-- Records for processing --

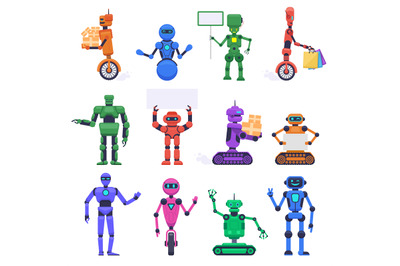 Robot characters. Robotic mechanical humanoid characters, chatbot assi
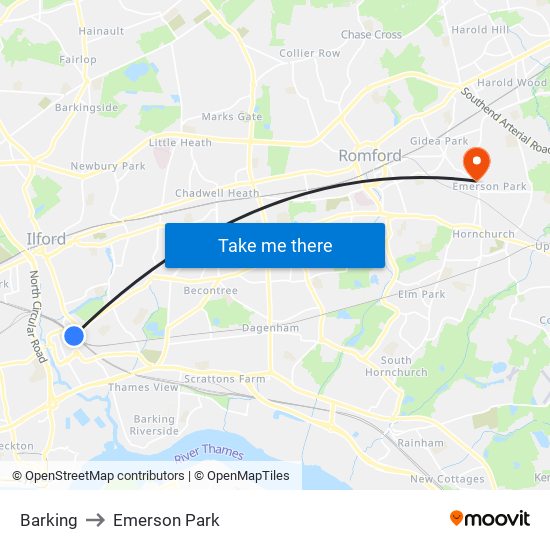 Barking to Emerson Park map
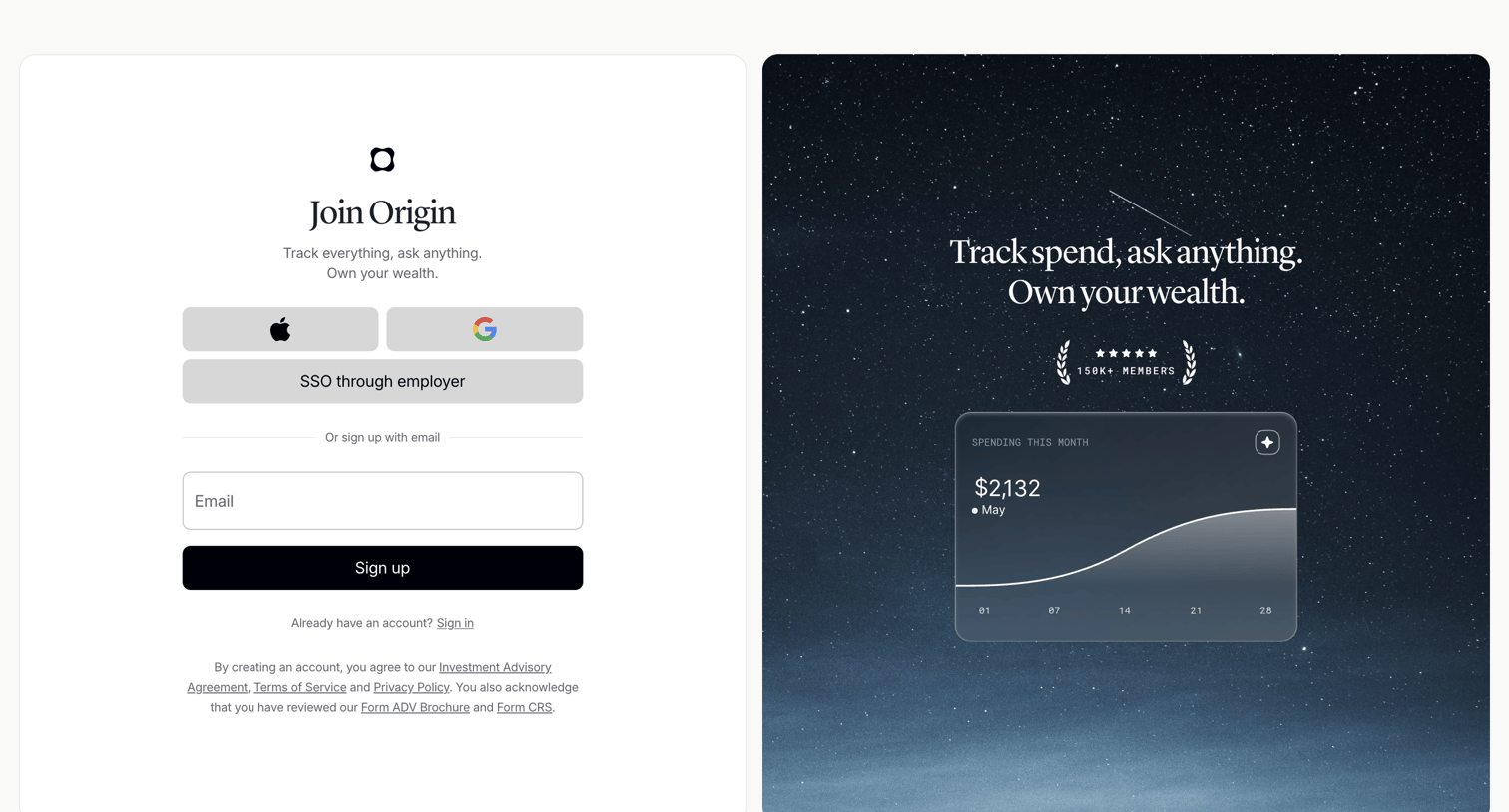 Origin Financial screen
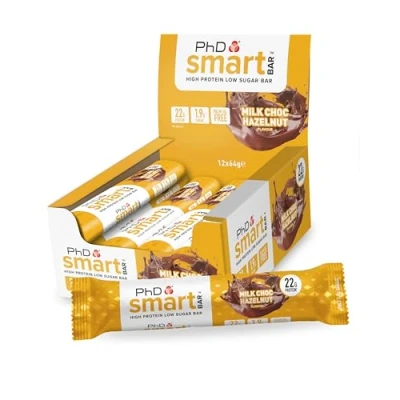 Imagen de PhD Nutrition Smart Bar barritas de proteína 12x64g Chocolate con leche y avellana Snack proteico 22g bajo en azúcar para una buena macronutrición
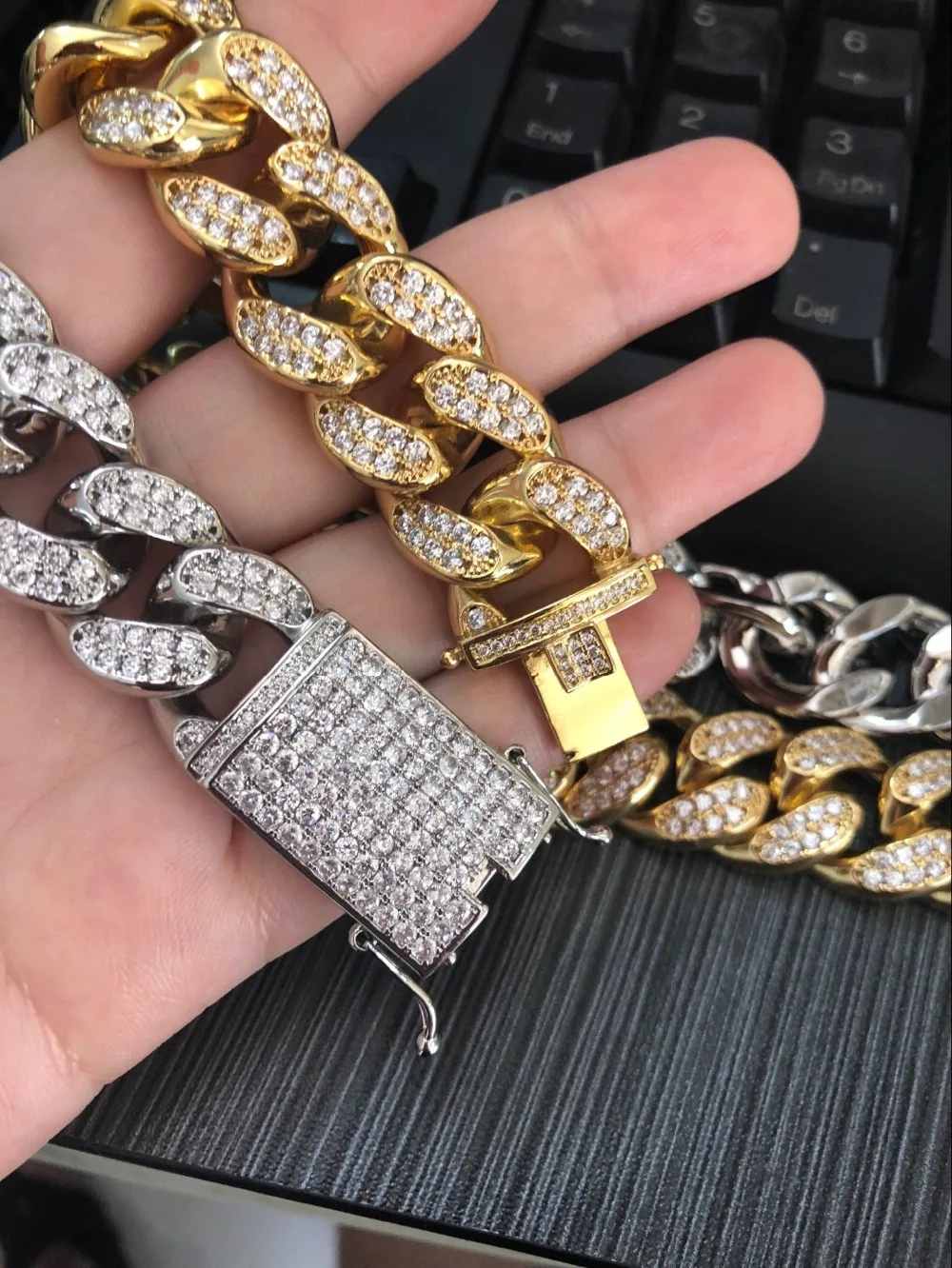 THE BLING KING 20 мм CZ кубинские цепи Золото зубец Майами кубинская чокер большой замок кубического циркония ожерелье цепь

-- Assigned task --
Each line of the data should be printed again exactly. Please leave pictures out.

-- Answer area --
 Robot characters. Robotic mechanical humanoid characters, chatbot assi
 Barking to Emerson Park map
 Origin Financial screen
 Imagen de PhD Nutrition Smart Bar barritas de proteína 12x64g Chocolate con leche y avellana Snack proteico 22g bajo en azúcar para una buena macronutrición
 THE BLING KING 20 мм CZ кубинские цепи Золото зубец Майами кубинская чокер большой замок кубического циркония ожерелье цепь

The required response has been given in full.